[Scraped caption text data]
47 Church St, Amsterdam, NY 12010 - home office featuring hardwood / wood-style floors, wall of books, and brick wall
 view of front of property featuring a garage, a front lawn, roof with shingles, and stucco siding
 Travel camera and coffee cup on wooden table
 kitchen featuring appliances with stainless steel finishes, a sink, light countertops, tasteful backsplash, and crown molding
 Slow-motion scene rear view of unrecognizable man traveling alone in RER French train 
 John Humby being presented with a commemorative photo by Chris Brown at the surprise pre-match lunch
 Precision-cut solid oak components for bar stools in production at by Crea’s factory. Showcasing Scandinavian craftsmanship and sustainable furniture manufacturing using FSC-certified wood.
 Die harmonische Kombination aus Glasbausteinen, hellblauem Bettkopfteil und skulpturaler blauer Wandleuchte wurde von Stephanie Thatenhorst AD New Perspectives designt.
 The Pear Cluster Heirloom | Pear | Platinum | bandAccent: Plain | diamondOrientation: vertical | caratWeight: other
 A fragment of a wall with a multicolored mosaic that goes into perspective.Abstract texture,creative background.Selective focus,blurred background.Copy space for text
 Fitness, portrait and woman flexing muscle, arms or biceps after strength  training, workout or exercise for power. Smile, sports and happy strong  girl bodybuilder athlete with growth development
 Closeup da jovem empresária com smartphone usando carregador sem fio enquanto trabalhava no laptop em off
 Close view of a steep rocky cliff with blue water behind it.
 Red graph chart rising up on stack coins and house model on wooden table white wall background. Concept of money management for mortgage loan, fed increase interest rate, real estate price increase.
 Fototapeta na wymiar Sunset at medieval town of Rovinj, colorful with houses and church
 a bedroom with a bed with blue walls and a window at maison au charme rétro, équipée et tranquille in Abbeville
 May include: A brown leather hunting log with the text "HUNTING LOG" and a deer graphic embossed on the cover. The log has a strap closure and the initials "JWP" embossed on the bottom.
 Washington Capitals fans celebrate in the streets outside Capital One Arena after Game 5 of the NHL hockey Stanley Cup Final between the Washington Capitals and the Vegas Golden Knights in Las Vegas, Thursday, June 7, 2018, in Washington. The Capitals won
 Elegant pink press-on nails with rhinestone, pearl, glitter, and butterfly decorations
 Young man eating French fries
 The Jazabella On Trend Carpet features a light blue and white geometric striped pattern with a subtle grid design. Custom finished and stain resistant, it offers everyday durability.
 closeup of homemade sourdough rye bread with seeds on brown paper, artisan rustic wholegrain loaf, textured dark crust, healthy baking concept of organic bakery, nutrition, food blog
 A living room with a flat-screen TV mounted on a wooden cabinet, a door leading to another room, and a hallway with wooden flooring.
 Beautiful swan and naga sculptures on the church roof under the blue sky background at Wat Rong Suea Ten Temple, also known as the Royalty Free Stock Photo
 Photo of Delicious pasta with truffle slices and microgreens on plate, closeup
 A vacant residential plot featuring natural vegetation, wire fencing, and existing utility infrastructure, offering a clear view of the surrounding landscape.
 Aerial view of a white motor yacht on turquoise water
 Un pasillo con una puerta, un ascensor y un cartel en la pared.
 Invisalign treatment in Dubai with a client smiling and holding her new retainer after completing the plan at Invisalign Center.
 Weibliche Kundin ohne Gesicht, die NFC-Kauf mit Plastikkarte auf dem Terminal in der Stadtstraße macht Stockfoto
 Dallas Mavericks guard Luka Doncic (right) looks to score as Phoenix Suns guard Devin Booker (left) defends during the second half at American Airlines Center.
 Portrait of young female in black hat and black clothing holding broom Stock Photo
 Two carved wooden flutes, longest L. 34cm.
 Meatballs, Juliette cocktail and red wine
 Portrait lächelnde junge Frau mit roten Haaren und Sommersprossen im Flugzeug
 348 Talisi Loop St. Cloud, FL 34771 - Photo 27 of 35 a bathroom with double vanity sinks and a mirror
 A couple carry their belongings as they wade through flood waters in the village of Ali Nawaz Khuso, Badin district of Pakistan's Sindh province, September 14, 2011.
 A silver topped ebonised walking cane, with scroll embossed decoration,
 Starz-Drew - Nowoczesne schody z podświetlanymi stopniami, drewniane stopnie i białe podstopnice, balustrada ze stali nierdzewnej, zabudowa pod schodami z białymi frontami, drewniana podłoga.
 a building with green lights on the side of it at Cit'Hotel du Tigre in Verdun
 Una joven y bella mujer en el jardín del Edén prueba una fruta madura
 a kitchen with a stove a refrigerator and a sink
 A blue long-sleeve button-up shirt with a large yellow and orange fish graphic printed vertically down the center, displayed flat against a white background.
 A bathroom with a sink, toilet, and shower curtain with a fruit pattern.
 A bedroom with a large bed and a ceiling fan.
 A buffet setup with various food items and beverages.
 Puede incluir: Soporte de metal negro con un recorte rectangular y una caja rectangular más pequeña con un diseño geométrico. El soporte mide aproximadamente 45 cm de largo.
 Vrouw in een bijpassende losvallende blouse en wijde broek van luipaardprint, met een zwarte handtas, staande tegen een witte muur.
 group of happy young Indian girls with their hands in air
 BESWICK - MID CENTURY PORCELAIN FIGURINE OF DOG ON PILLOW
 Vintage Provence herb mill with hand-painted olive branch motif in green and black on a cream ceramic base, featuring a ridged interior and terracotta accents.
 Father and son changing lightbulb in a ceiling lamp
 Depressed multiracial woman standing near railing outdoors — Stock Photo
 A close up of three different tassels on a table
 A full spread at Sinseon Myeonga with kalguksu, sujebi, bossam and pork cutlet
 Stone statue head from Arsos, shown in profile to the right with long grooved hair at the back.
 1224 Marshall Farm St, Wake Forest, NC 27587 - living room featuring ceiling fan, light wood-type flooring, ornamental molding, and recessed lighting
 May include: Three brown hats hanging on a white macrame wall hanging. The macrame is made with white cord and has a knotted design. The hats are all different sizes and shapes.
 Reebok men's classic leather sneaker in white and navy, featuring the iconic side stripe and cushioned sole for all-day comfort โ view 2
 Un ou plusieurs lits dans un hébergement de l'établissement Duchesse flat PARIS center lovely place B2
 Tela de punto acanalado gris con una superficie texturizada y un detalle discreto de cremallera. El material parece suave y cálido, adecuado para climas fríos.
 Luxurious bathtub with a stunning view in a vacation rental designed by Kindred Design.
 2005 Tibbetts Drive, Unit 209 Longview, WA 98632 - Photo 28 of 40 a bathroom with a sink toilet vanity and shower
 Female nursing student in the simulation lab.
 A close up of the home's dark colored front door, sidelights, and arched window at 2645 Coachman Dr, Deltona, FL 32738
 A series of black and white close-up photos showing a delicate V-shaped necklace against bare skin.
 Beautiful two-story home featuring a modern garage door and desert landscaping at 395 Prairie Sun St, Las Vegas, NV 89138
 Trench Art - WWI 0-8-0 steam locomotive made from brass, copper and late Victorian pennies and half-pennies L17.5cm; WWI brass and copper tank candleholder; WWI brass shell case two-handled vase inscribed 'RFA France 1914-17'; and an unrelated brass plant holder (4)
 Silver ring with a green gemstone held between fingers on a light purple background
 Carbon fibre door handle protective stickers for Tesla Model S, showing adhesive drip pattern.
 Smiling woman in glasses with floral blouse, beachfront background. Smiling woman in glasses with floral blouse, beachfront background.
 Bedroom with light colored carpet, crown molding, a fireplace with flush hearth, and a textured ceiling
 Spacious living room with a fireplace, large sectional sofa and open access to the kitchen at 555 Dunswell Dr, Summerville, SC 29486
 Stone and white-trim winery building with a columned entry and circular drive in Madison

Assignment: Only those lines of the entries above that run from the line containing "kitchen featuring appliances" to the line containing "May include: A", both included, should be transcribed exactly.

Response area:
 kitchen featuring appliances with stainless steel finishes, a sink, light countertops, tasteful backsplash, and crown molding
 Slow-motion scene rear view of unrecognizable man traveling alone in RER French train 
 John Humby being presented with a commemorative photo by Chris Brown at the surprise pre-match lunch
 Precision-cut solid oak components for bar stools in production at by Crea’s factory. Showcasing Scandinavian craftsmanship and sustainable furniture manufacturing using FSC-certified wood.
 Die harmonische Kombination aus Glasbausteinen, hellblauem Bettkopfteil und skulpturaler blauer Wandleuchte wurde von Stephanie Thatenhorst AD New Perspectives designt.
 The Pear Cluster Heirloom | Pear | Platinum | bandAccent: Plain | diamondOrientation: vertical | caratWeight: other
 A fragment of a wall with a multicolored mosaic that goes into perspective.Abstract texture,creative background.Selective focus,blurred background.Copy space for text
 Fitness, portrait and woman flexing muscle, arms or biceps after strength  training, workout or exercise for power. Smile, sports and happy strong  girl bodybuilder athlete with growth development
 Closeup da jovem empresária com smartphone usando carregador sem fio enquanto trabalhava no laptop em off
 Close view of a steep rocky cliff with blue water behind it.
 Red graph chart rising up on stack coins and house model on wooden table white wall background. Concept of money management for mortgage loan, fed increase interest rate, real estate price increase.
 Fototapeta na wymiar Sunset at medieval town of Rovinj, colorful with houses and church
 a bedroom with a bed with blue walls and a window at maison au charme rétro, équipée et tranquille in Abbeville
 May include: A brown leather hunting log with the text "HUNTING LOG" and a deer graphic embossed on the cover. The log has a strap closure and the initials "JWP" embossed on the bottom.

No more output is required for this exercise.